Agencies will have to encrypt all data on laptop or handheld computers unless the data are classified as "non-sensitive" by an agency's deputy director. For access to sensitive data on servers, employees need a physical security device like a key card - plus a password. And agencies must keep records of information downloaded from databases and delete those records within 90 days unless their use is still requied.
While OMB is giving agencies 45 days to get the measures in place and will use agency inspectors general will help ensure compliance, the White House was very careful to call the regulations "recommendations" not "requirements," the Post said. OMB said they intended "to compensate for the protections offered by the physical security controls when information is removed from, or accessed from outside of the agency location."

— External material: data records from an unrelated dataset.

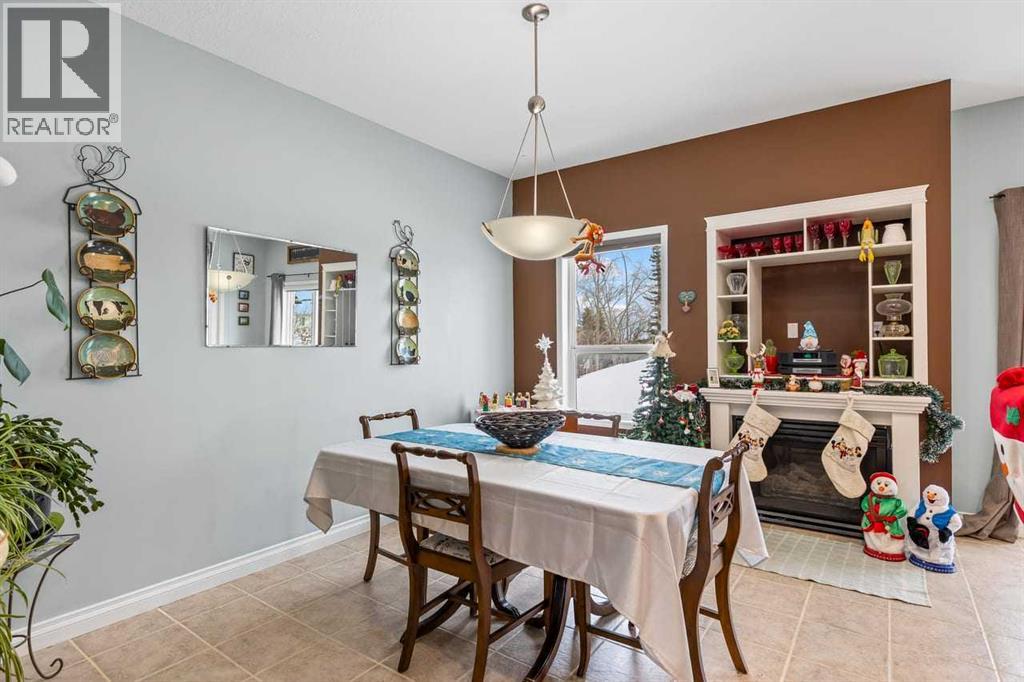 Single Family House for Sale in  Citadel Drive NW Citadel Calgary 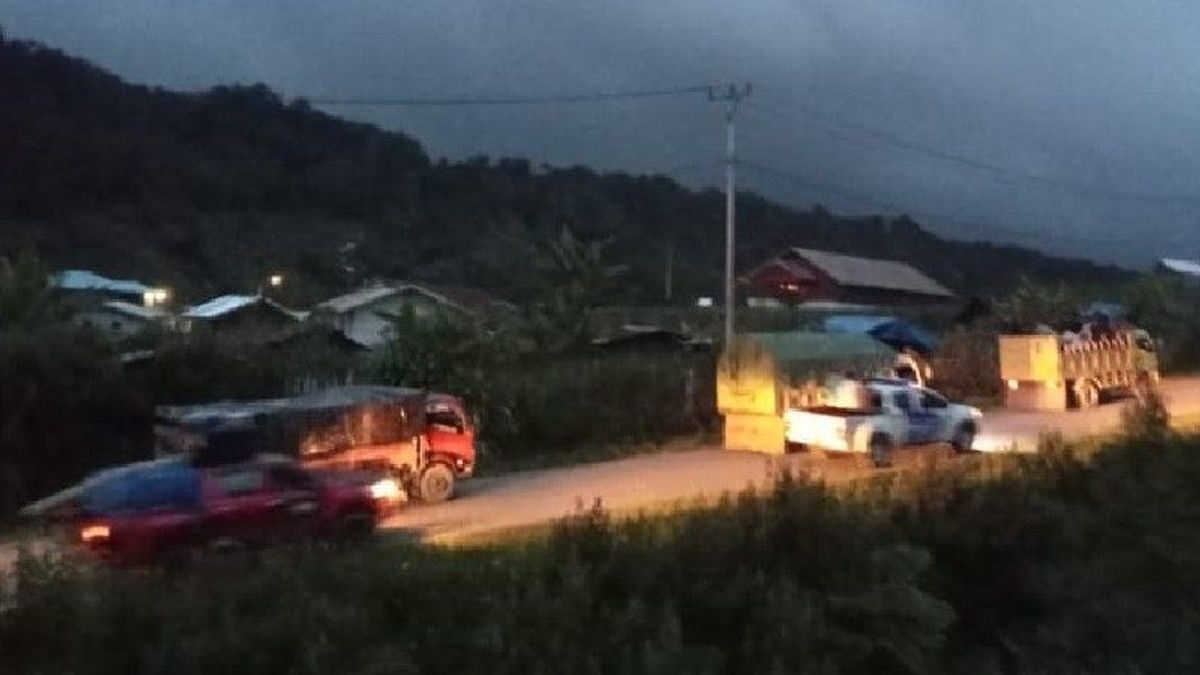 Buntut Kericuhan Aksi Pasang Palang , 150 Warga Mapia Mengungsi ke Nabire  
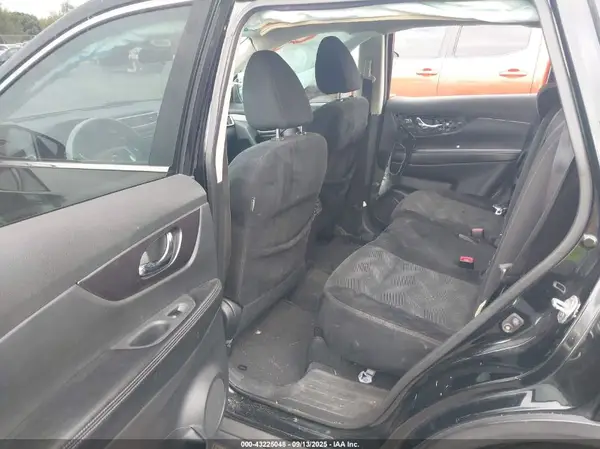 5N1AT2MN5GC849719 2016 NISSAN ROGUE - Image 8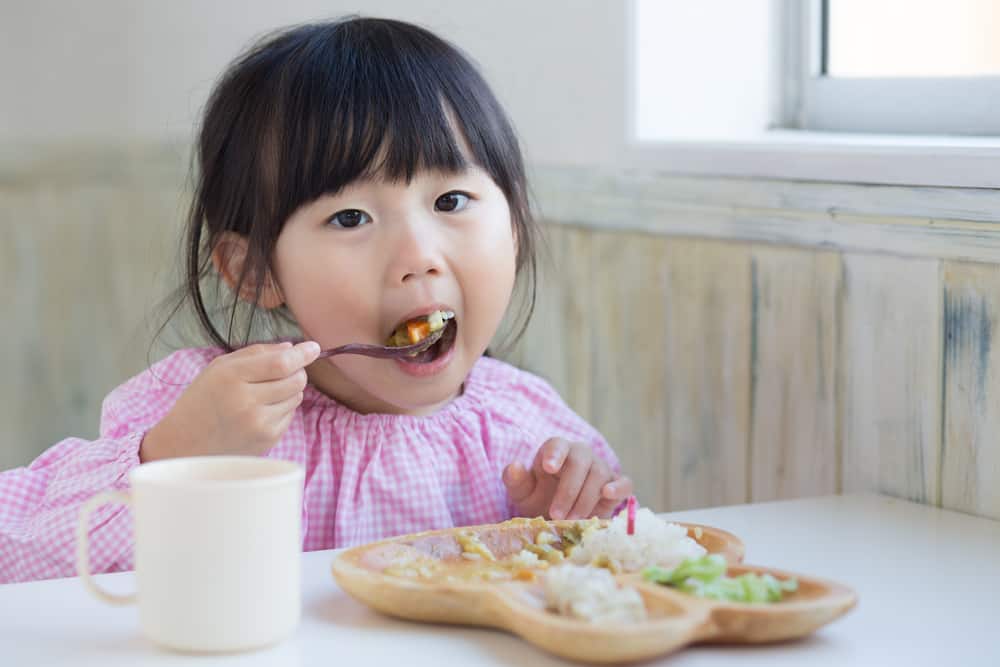 Memaksa Anak Habiskan Makanan Berdampak Buruk untuk Si Kecil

That careful distinction indicates that the administration is under pressure to respond to the recent string of data mishaps, but that it could not quickly pull all the political and financial strings usually tied to regulatory mandates, according to James Lewis, director of technology and public policy at the Center for Strategic and International Studies.
"The encryption and authentication measures mean agencies are going to have to spend money that they weren't planning to spend, and so in that way it's probably easier for [OMB] to get a recommendation out than [a] command," Lewis said. "That said, this is more of an implied threat, because you usually don't threaten agencies with their inspector general unless you intend to lean on them."
The moves are "excellent," said the security firm SANS Institute. But there is a dark cloud to the silver lining, said SANS' Alan Paller. The memo includes a nine-page attachment from the National Institutes of Standards and Technology (NIST) that requires agencies to spend a lot of time and tens of thousands of dollars in studies to figure out what to do next," Paller said.
The guidelines had better work, suggested House Government Reform Committee Chairman Thomas M. Davis III (R-Va.): "[I]f not, perhaps Congress will have to step in and mandate specific security requirements," Davis said in a statement.